Bluetooth LE connection mode
According to Bluetooth Core V5.3, Vol. 3, Part C, Section 10, titled “SECURITY ASPECTS - LE PHYSICAL TRANSPORT”, the modes and procedures are defined in the same manner for both asynchronous ACL and synchronous CIS connections. This section aims to establish how BLE devices will be paired in terms of security. It’s important to note that each mode and procedure comes with specific requirements that are not elaborated here, and it will be essential to consult the mentioned section of the standard for detailed information.
In Bluetooth LE, there are five connection modes that are subdivided into levels:
LE Security Mode 1:
- Level 1: No Security (no security or encryption)
- Level 1: Unauthenticated pairing with encryption
- Level 1: Authenticated pairing with encryption
- Level 1: Authenticated pairing with LE Secure Connection pairing using a secure 128-bit key
LE Security Mode 2:
- Level 1: Unauthenticated pairing with data signing
- Level 1: Authenticated pairing with data signing
Mixed security Mode:
- These are security configurations based on each type of security mode and configuration supported on each device.
Secure Connections Only Mode:
- Only secure and authenticated connections are allowed
LE Security Mode 3:
- Level 1: No Security
- Level 2: Use of an unauthenticated broadcast code
- Level 3: Use of an authenticated broadcast code
The procedures are not exclusive to any specific mode but are necessary to access a security mode in Bluetooth LE.
- The authentication procedure covers LE Security Mode 1 and is only performed after the connection has been established.
- Authenticationo in LE Security Mode 1 is achieved by enabling encryption.
- Data signing is used to transfer authenticated data between two devices in an unencrypted communication.
- When _LE Security Mode 2_is requested, the connection data must be signed.

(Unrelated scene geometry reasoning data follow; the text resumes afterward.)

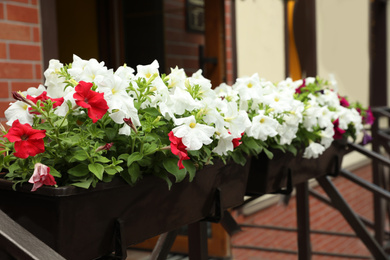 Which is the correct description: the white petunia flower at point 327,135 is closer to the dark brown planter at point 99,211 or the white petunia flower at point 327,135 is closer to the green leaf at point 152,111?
the dark brown planter at point 99,211

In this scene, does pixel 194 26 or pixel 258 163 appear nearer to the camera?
pixel 258 163

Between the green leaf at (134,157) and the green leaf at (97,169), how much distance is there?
6cm

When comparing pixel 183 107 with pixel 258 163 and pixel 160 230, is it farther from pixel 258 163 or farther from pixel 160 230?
pixel 258 163

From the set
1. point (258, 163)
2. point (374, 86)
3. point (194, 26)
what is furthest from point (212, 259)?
point (374, 86)

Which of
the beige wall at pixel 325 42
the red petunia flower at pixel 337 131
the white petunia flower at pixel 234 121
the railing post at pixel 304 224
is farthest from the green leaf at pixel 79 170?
the beige wall at pixel 325 42

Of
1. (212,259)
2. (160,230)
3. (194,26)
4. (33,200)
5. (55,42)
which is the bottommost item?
(212,259)

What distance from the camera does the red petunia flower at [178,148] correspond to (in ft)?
3.03

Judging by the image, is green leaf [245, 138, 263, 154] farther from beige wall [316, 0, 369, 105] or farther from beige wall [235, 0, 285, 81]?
beige wall [316, 0, 369, 105]

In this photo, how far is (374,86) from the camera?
7621 millimetres

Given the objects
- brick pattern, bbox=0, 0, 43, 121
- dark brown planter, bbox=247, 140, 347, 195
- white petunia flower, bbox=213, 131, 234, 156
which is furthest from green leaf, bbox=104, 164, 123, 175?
brick pattern, bbox=0, 0, 43, 121

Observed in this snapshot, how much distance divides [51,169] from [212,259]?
8.68 feet

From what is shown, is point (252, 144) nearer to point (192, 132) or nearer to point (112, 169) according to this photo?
point (192, 132)

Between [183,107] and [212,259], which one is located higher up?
[183,107]

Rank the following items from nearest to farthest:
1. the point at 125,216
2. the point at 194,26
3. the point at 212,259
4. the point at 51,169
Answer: the point at 51,169 → the point at 125,216 → the point at 212,259 → the point at 194,26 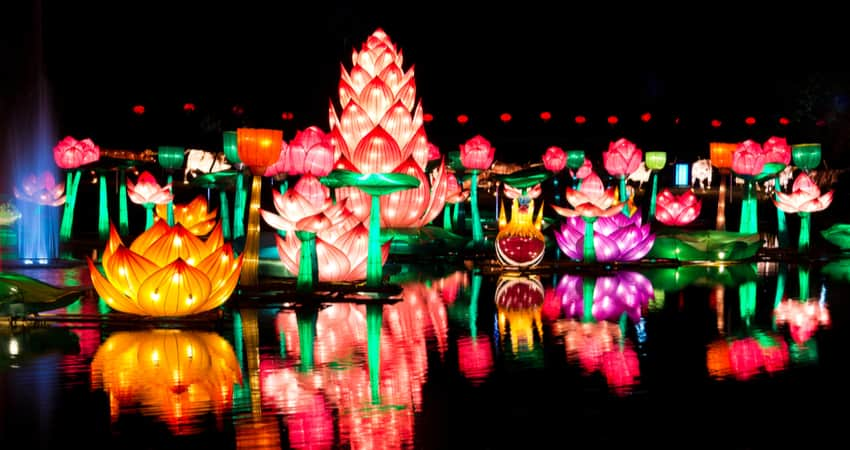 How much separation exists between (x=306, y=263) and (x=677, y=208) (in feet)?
41.7

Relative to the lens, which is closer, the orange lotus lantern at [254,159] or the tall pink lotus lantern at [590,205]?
the orange lotus lantern at [254,159]

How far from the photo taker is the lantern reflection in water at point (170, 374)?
736cm

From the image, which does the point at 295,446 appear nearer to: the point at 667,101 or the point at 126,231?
the point at 126,231

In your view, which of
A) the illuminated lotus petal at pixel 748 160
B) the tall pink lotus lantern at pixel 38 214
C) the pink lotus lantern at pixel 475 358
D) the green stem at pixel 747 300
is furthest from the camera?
the illuminated lotus petal at pixel 748 160

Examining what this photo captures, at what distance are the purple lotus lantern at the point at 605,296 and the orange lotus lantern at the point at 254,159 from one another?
368cm

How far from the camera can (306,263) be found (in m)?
13.1

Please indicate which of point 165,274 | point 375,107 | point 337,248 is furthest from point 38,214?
point 165,274

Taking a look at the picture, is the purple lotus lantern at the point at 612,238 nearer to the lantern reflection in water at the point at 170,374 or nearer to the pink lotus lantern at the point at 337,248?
the pink lotus lantern at the point at 337,248

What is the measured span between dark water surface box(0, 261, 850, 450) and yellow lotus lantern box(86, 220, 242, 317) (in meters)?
0.28

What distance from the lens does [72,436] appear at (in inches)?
262

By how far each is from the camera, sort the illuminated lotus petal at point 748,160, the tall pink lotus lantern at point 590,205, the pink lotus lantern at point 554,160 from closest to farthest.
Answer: the tall pink lotus lantern at point 590,205, the illuminated lotus petal at point 748,160, the pink lotus lantern at point 554,160

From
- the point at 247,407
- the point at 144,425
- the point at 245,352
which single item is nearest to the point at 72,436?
the point at 144,425

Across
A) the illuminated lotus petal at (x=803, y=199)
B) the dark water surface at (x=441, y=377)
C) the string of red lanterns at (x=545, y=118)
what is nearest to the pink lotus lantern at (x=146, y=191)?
the dark water surface at (x=441, y=377)

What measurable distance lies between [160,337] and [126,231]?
14872mm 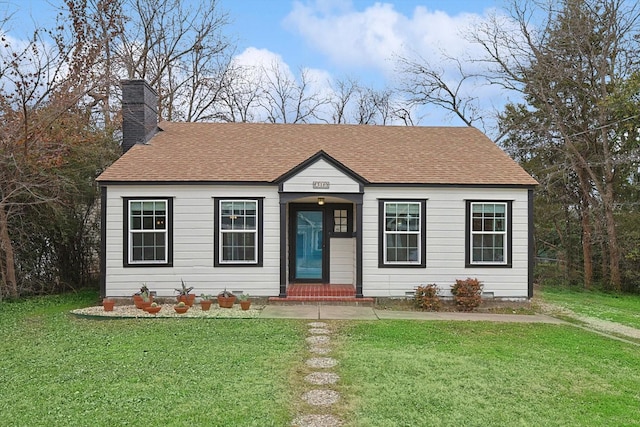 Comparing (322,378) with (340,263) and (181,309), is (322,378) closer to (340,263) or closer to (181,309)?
(181,309)

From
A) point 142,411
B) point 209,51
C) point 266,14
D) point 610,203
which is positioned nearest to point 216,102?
point 209,51

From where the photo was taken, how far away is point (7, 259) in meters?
11.9

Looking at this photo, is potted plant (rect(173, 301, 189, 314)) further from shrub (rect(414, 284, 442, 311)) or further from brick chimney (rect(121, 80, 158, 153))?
shrub (rect(414, 284, 442, 311))

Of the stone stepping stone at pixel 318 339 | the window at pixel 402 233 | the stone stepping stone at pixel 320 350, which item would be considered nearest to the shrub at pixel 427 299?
the window at pixel 402 233

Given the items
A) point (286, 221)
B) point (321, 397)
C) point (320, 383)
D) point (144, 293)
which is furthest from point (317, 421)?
point (286, 221)

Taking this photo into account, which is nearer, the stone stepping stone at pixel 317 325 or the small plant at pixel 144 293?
the stone stepping stone at pixel 317 325

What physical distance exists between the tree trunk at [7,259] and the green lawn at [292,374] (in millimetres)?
3202

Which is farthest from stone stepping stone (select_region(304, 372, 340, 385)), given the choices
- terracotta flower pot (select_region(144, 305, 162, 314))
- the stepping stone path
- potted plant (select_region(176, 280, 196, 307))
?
potted plant (select_region(176, 280, 196, 307))

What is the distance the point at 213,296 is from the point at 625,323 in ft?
29.3

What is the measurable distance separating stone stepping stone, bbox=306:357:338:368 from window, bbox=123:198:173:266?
19.0ft

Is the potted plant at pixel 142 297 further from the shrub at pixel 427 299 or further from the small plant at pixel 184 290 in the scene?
the shrub at pixel 427 299

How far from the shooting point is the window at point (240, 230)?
37.5ft

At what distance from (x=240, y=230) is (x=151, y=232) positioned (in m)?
2.01

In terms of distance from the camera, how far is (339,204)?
1291 centimetres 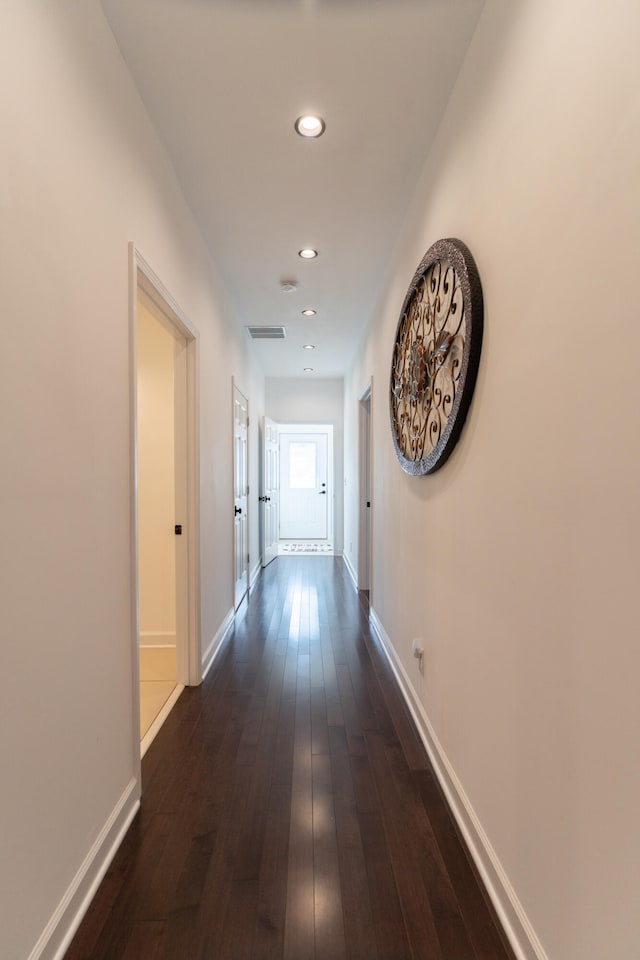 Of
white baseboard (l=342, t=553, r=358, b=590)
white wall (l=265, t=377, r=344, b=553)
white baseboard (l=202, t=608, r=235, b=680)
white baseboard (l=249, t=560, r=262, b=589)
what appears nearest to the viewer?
white baseboard (l=202, t=608, r=235, b=680)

- A service may require authorization before granting access, which is user confirmation to proceed with the procedure.
- Authentication does not necessarily provide authorization. Authorization may be granted through user confirmation after successful authentication.
- Central device encrypts the connection using Encryption Session Setup to provide integrity and confidentiality.
- Peripheral device could encrypt the connection with the Security Request command.